(Recorded data)
################

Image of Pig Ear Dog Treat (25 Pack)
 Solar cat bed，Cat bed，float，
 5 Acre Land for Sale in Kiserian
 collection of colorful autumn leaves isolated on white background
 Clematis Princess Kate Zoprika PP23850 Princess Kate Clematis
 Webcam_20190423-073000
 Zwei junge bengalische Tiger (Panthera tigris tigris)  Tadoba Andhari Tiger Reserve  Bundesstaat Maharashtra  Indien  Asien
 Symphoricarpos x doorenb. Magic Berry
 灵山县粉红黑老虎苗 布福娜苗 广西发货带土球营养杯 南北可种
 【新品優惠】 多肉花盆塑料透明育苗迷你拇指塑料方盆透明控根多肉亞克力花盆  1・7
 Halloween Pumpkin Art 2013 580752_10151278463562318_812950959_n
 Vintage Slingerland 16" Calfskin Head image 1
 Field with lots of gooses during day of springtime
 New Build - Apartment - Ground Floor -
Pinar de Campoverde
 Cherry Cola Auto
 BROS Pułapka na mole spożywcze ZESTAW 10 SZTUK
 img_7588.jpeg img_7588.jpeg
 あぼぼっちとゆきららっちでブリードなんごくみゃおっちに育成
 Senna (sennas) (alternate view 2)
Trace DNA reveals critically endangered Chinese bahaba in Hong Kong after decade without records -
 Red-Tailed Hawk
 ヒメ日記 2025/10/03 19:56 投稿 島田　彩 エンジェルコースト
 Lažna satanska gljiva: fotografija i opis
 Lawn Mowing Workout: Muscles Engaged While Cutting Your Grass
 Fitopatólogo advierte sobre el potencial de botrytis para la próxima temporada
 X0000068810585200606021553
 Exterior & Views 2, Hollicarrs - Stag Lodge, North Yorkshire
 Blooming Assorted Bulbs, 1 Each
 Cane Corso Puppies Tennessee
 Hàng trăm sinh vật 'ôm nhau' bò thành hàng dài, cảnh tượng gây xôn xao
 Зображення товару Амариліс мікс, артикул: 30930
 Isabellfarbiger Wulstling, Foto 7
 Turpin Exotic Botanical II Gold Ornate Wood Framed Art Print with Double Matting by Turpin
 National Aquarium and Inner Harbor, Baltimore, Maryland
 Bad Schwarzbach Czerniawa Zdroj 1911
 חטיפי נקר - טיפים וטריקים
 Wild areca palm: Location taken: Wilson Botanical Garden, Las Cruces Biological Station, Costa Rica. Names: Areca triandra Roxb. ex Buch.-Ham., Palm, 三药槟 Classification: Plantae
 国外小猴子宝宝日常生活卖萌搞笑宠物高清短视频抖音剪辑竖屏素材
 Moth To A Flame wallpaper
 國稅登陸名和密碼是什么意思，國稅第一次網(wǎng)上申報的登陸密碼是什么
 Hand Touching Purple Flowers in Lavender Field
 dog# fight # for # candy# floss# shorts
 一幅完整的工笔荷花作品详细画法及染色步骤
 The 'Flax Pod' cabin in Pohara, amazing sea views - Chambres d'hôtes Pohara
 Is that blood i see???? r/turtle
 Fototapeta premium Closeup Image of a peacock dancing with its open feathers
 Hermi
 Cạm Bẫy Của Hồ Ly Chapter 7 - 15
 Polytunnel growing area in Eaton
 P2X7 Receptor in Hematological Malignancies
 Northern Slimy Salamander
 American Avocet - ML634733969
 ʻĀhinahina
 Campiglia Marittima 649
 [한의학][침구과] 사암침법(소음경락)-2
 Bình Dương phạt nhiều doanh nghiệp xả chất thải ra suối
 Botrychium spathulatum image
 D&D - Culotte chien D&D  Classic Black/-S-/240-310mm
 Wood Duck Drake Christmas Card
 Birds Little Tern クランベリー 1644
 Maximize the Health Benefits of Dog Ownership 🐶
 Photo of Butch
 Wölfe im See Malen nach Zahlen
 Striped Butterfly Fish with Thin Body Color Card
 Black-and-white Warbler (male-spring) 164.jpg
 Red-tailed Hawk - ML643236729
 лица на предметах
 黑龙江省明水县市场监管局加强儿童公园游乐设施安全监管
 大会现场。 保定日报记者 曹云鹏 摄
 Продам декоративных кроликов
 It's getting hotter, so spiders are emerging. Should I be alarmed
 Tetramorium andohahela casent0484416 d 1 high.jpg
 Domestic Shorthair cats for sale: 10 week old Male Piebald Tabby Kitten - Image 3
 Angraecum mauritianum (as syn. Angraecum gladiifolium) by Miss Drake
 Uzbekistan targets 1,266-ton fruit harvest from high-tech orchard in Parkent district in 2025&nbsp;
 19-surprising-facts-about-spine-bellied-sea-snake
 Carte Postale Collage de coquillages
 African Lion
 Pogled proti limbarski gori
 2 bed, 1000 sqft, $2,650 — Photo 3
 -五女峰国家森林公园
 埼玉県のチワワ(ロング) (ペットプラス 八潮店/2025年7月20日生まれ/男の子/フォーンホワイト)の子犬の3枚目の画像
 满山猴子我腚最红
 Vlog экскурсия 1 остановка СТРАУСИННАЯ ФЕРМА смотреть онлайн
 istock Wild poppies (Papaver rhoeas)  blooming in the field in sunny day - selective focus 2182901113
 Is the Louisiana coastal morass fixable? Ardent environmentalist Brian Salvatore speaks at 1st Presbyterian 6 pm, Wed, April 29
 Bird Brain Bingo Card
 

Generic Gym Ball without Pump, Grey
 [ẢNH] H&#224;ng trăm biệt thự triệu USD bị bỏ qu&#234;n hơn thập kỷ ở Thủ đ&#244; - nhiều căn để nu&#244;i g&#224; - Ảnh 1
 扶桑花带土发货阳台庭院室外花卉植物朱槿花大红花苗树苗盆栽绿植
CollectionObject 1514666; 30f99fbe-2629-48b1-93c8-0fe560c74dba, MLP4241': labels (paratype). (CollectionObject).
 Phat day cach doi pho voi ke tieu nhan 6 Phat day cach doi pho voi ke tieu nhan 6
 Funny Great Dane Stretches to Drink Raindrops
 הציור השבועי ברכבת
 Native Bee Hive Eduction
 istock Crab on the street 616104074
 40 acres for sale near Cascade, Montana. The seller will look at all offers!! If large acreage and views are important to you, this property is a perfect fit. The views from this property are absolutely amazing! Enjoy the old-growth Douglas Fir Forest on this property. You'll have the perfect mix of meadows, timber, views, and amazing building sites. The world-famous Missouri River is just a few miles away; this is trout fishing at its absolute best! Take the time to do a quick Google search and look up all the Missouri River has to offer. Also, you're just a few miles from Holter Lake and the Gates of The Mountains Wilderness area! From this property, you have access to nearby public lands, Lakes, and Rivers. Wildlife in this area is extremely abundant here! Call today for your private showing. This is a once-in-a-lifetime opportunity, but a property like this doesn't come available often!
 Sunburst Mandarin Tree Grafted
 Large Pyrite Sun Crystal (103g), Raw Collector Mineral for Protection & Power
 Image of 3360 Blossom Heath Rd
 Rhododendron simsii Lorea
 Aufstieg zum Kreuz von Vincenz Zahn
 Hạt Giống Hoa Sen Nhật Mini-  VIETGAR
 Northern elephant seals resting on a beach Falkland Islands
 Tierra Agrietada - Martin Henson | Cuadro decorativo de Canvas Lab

################

TASK STATEMENT –
Only the lines above from the line with "Bird Brain Bingo Card" to the line with "扶桑花带土发货阳台庭院室外花卉植物朱槿花大红花苗树苗盆栽绿植", those two lines included, should be reproduced exactly.

SOLUTION FOR THIS TASK –
 Bird Brain Bingo Card
 

Generic Gym Ball without Pump, Grey
 [ẢNH] H&#224;ng trăm biệt thự triệu USD bị bỏ qu&#234;n hơn thập kỷ ở Thủ đ&#244; - nhiều căn để nu&#244;i g&#224; - Ảnh 1
 扶桑花带土发货阳台庭院室外花卉植物朱槿花大红花苗树苗盆栽绿植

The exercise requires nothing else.